441 F.2d 364
MERCANTILE BANK & TRUST COMPANY, as Trustee of the Troost Avenue Cemetery Company and Abbey Fund Trust, Appellant,
UNITED STATES of America, Appellee.
COMMERCE TRUST COMPANY, as Trustee of the Troost Avenue Cemetery Chapel Gardens Mausoleum Trust, Appellant,
UNITED STATES of America, Appellee.
United States Court of Appeals, Eighth Circuit.
April 12, 1971.
Rehearing Denied May 7, 1971.
Charles White Hess, Linde, Thomson, VanDyke, Fairchild & Langworthy, Kansas City, Mo., for appellants.
Stephen H. Hutzelman, Johnnie M. Walters, Asst. Atty. Gen., Meyer Rothwacks, Crombie J. D. Garrett, Attys., Tax Division, Dept. of Justice, Washington, D. C., Bert C. Hurn, U. S. Atty., Paul Anthony White, Asst. U. S. Atty., of counsel.
Before VAN OOSTERHOUT, GIBSON and LAY, Circuit Judges.
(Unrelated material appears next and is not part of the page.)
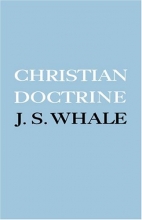 Cover art for Christian Doctrine: Eight Lectures Delivered in the University of Cambridge to Undergraduates of All Faculties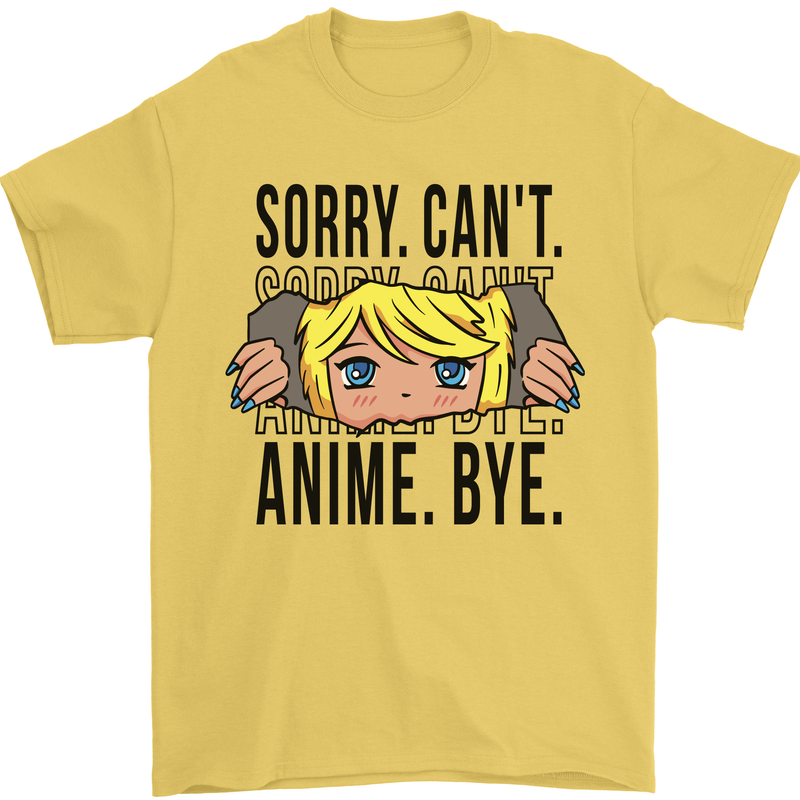 Sorry Can't Anime Bye Funny Anti-Social Mens T-Shirt Cotton Gildan Yellow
VAN OOSTERHOUT, Circuit Judge.
In these two consolidated cases, each of the plaintiffs as trustee of a separate perpetual care fund dedicated to providing care for two respective mausoleums at the Troost Avenue Cemetery seeks recovery of 1967 income tax paid by it upon realized capital gain. No controversy with respect to tax on ordinary income is involved. The trial court rejected plaintiff taxpayers' contention that the capital gain on the trusts was exempt from income taxation and dismissed the complaints. This timely appeal followed.
The necessary foundation for this action has been laid. Jurisdiction of the District Court and this court is established.
The issue presented by this appeal is whether the District Court correctly held that the two plaintiff trusts did not qualify for tax exemption status as cemetery companies pursuant to § 501(c) (13), I.R.C.1954. We hold the trial court properly denied taxpayers' exempt status and affirm.
Judge Oliver's well-reasoned opinion, reported at 312 F.Supp. 1164, fully and fairly sets out the pertinent facts which are stipulated and not disputed. He also sets out the basis of his decision. We will briefly summarize the basic facts.
The Troost Avenue Cemetery Company (hereinafter cemetery company) is a Missouri corporation organized March 8, 1890. It is operated for profit. It has engaged in the business of owning, providing and selling mausoleum facilities at the Abbey and Chapel mausoleums on the grounds of its cemetery at Kansas City, Missouri. In order to provide perpetual care for each mausoleum, the cemetery company caused the Abbey Trust Fund and the Chapel Trust Fund to be formed. It agreed with the purchaser of mausoleum space to pay into the trusts a designated percentage (Abbey 5%, Chapel 10%) of the sale price, the corpus to be irrevocably and exclusively committed to the perpetual care and maintenance of the mausoleum related to each trust. The trust income is to be used exclusively for mausoleum care and maintenance. The trusts are operated separately with respect to each other and separately from the cemetery company by the respective trustees.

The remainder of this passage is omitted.